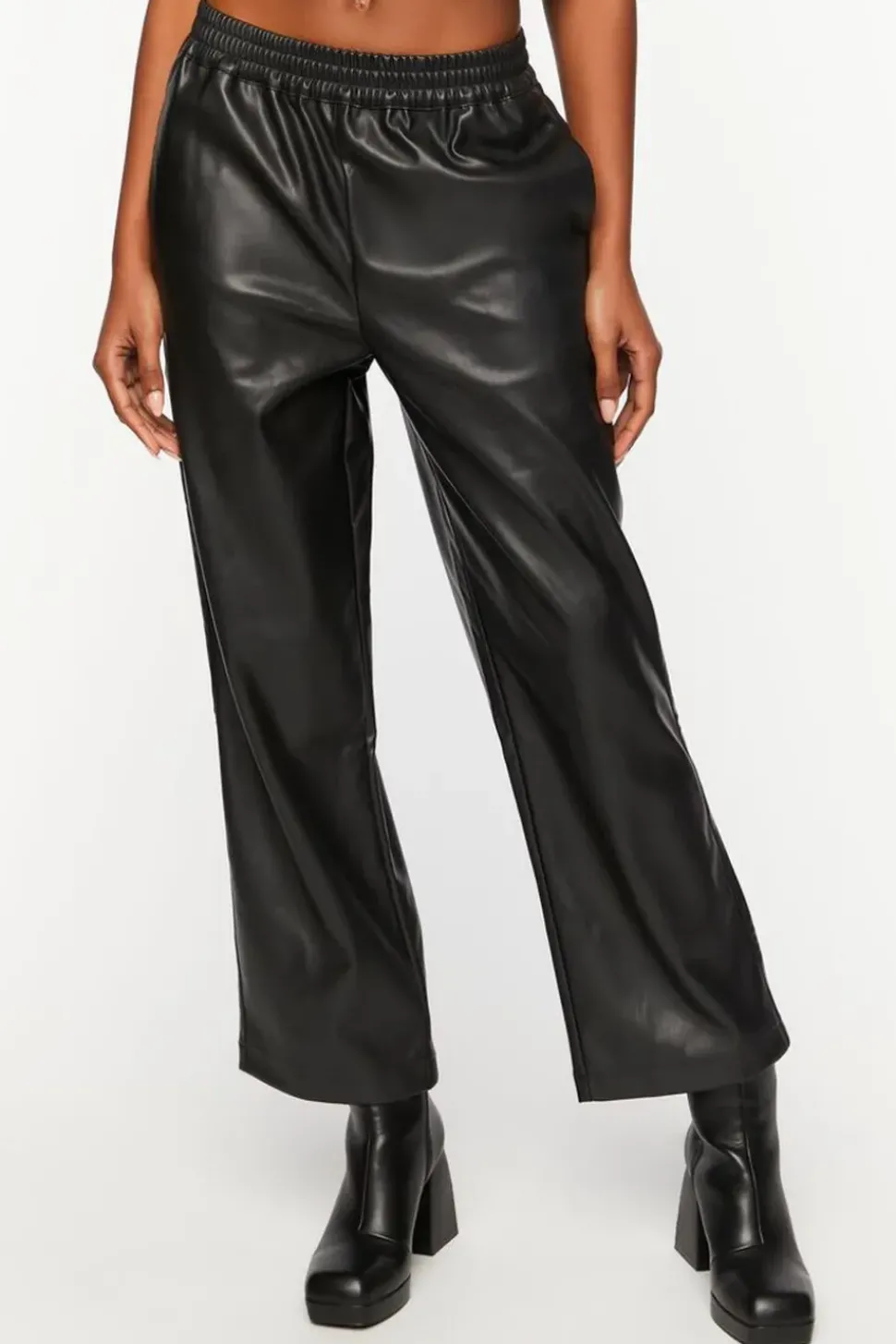 Faux Leather Straight-Leg Pants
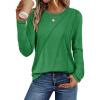 imageATHMILE Womens Long Sleeve Shirts Pleated Crew Neck Casual Fall Fashion Tops Loose Fit Lightweight Girls Outfits ClothesGreen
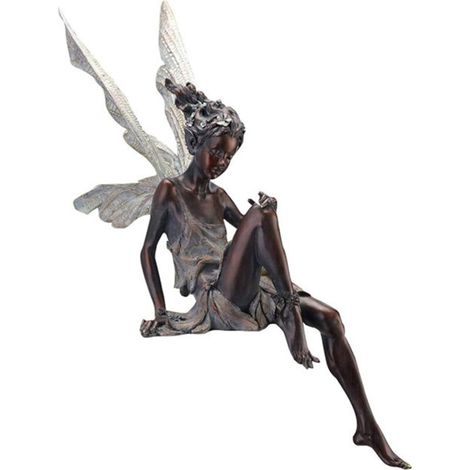 Statue de fée assise (1 pièce), ornement de jardin en résine, artisanat paysager (1/3)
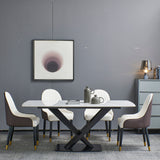 Artificial Stone Dining Table With Black Frame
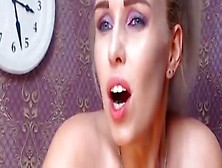 Very Pretty Blonde Babe Solo Fucks Her Pussy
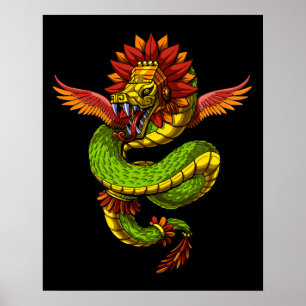 Quetzalcoatl Aztec Poster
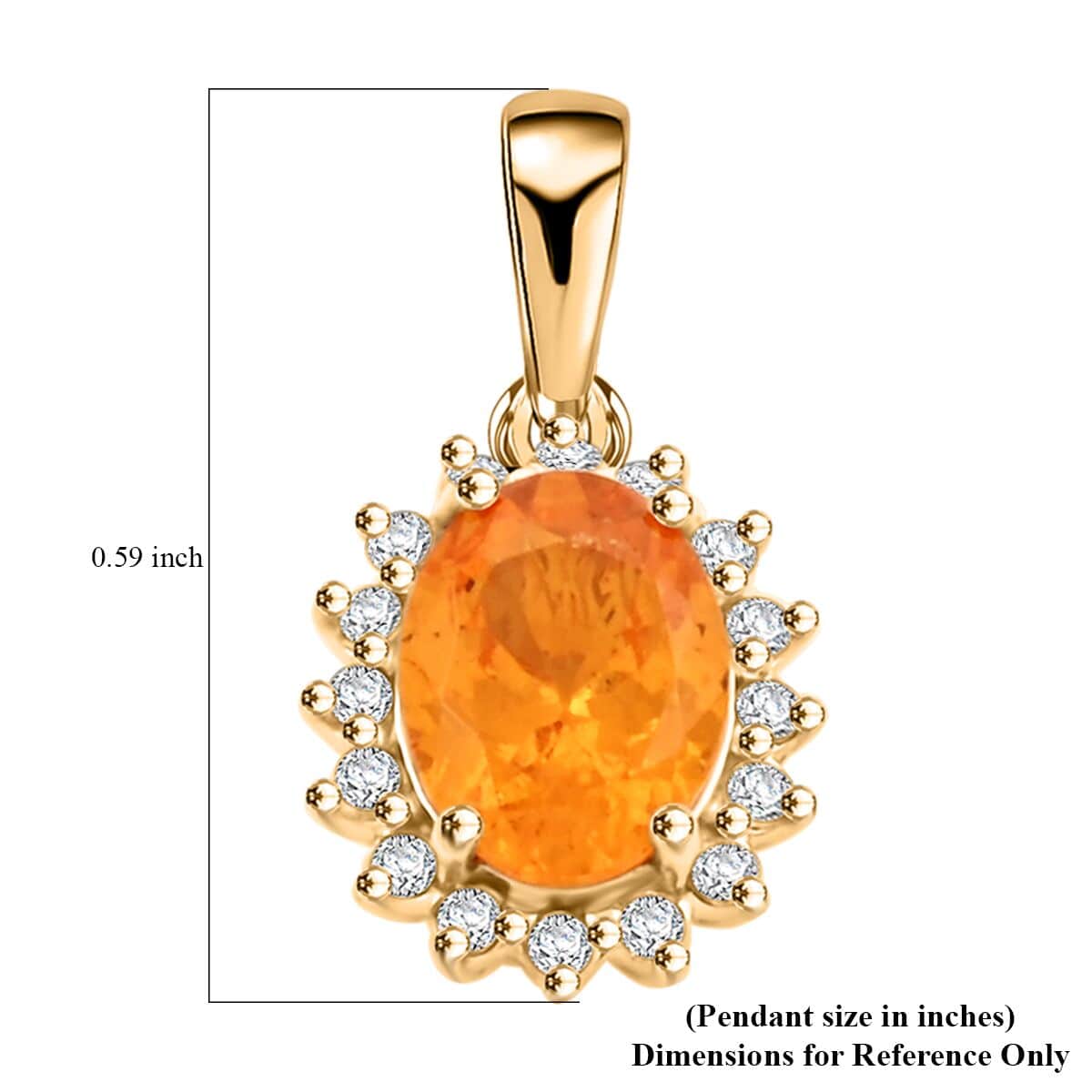 LUXORO zertifizierter und geprüfter AAA Fanta Granat und GH-I2 Diamant Halo Anhänger in 417 Gold - 1,90 ct.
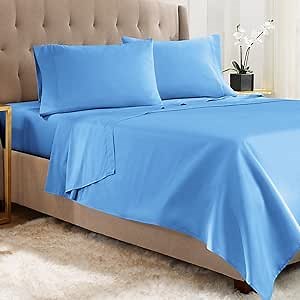Empyrean Twin XL Sheets Set - 3 PC Super Soft Twin XL Bed Sheets - Double Brushed Microfiber XL Twin Sheets - Hotel Luxury Calm Blue Bed Sheets Twin XL Size, with 4 Corner Elastic Straps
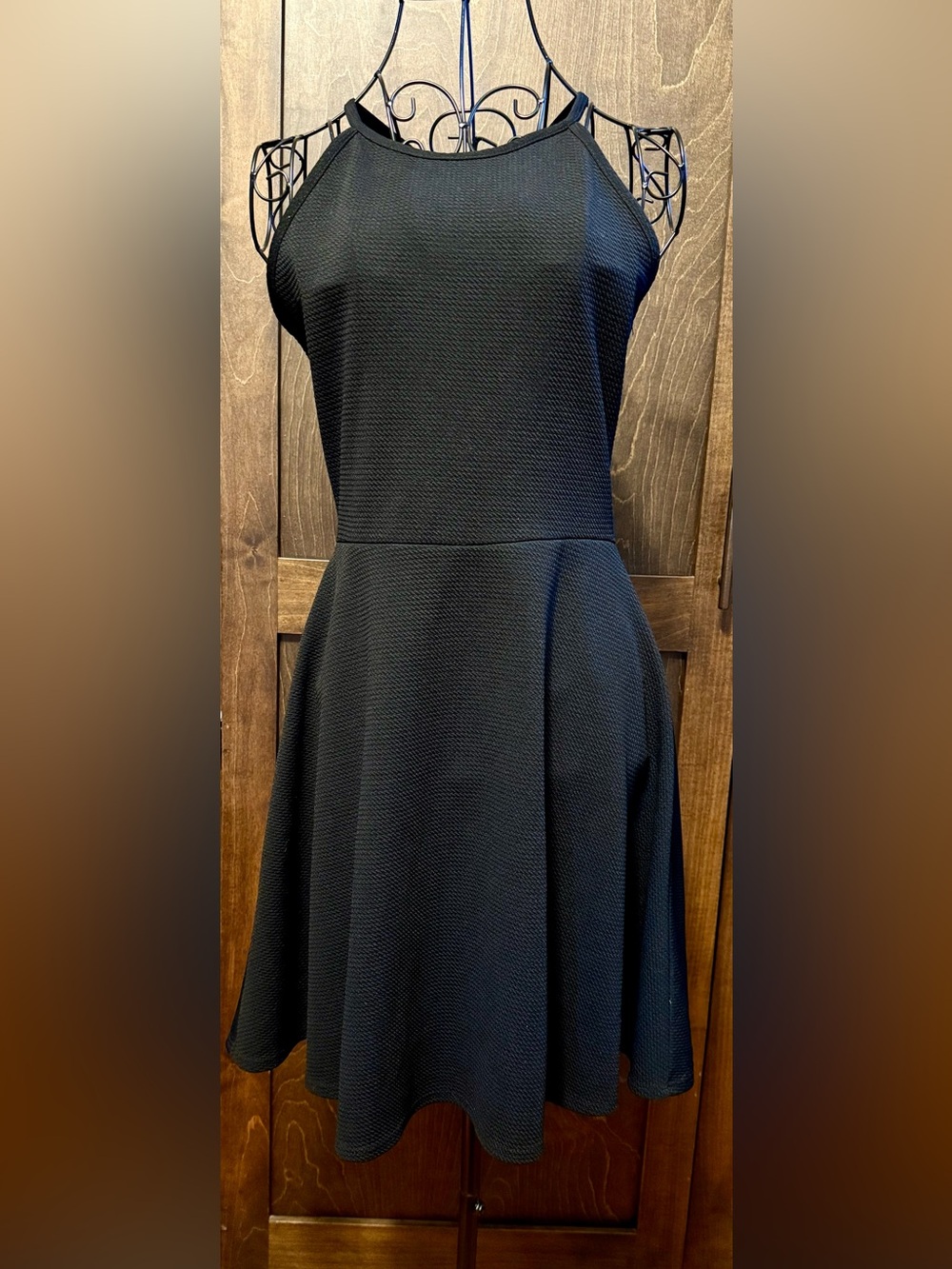 Olivia Rae Black Textured Halter Mini Dress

*To do*.
Extract the full listing exactly, with the pictures left out.

*Solution*.
 Faux Leather Straight-Leg Pants
 imageATHMILE Womens Long Sleeve Shirts Pleated Crew Neck Casual Fall Fashion Tops Loose Fit Lightweight Girls Outfits ClothesGreen
 Statue de fée assise (1 pièce), ornement de jardin en résine, artisanat paysager (1/3)
 Artificial Stone Dining Table With Black Frame
 Very Pretty Blonde Babe Solo Fucks Her Pussy
 Quetzalcoatl Aztec Poster
 LUXORO zertifizierter und geprüfter AAA Fanta Granat und GH-I2 Diamant Halo Anhänger in 417 Gold - 1,90 ct.
Empyrean Twin XL Sheets Set - 3 PC Super Soft Twin XL Bed Sheets - Double Brushed Microfiber XL Twin Sheets - Hotel Luxury Calm Blue Bed Sheets Twin XL Size, with 4 Corner Elastic Straps
 Olivia Rae Black Textured Halter Mini Dress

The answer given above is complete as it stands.